Return exactly the lines of the records below, starting at the line that contains "CLARKSBURG VILLAGE - Residential" and ending at the line that contains "Nachna (UK Drill Remix) Song Lyrics", with both of those lines kept.

╔══

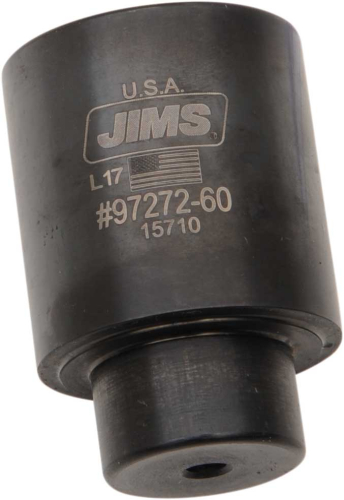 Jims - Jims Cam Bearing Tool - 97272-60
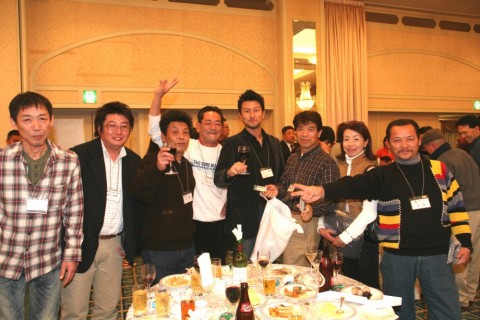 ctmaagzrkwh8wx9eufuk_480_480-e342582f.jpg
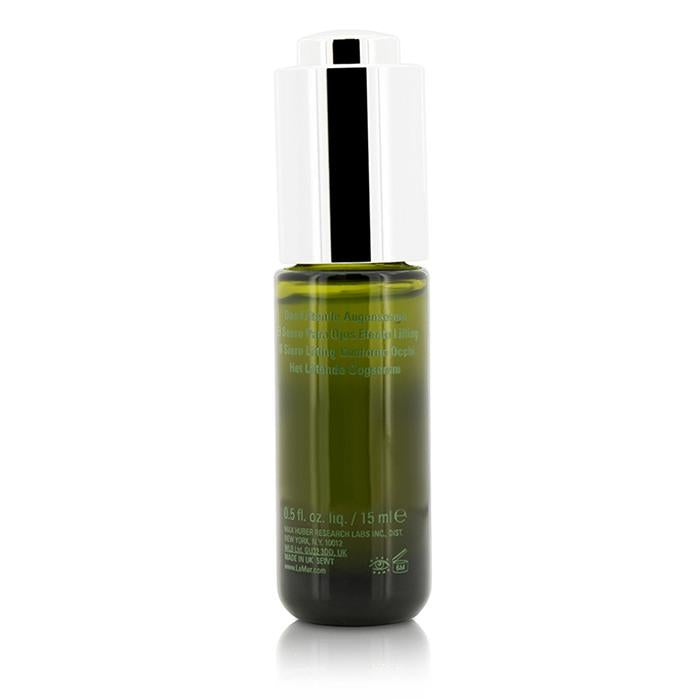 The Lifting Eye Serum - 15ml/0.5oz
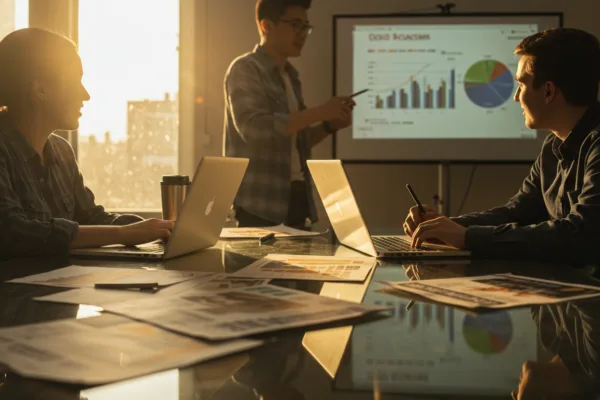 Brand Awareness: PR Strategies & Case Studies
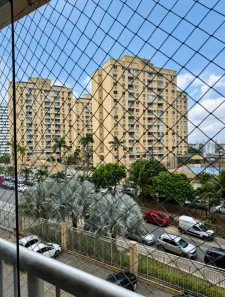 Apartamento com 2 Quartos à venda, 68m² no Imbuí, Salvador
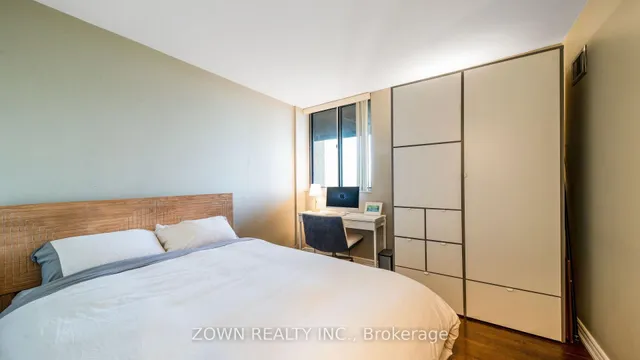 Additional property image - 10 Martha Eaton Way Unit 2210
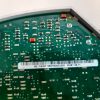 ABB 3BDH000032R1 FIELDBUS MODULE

╚══
╔══

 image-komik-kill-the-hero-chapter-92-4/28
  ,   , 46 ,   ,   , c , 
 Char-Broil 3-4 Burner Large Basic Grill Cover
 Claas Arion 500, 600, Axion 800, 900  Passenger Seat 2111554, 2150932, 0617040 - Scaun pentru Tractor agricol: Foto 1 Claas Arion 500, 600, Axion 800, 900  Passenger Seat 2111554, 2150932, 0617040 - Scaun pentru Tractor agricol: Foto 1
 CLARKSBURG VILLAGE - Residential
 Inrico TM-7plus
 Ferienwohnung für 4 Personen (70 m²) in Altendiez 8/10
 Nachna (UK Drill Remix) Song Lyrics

╚══

■ Written response ■
 CLARKSBURG VILLAGE - Residential
 Inrico TM-7plus
 Ferienwohnung für 4 Personen (70 m²) in Altendiez 8/10
 Nachna (UK Drill Remix) Song Lyrics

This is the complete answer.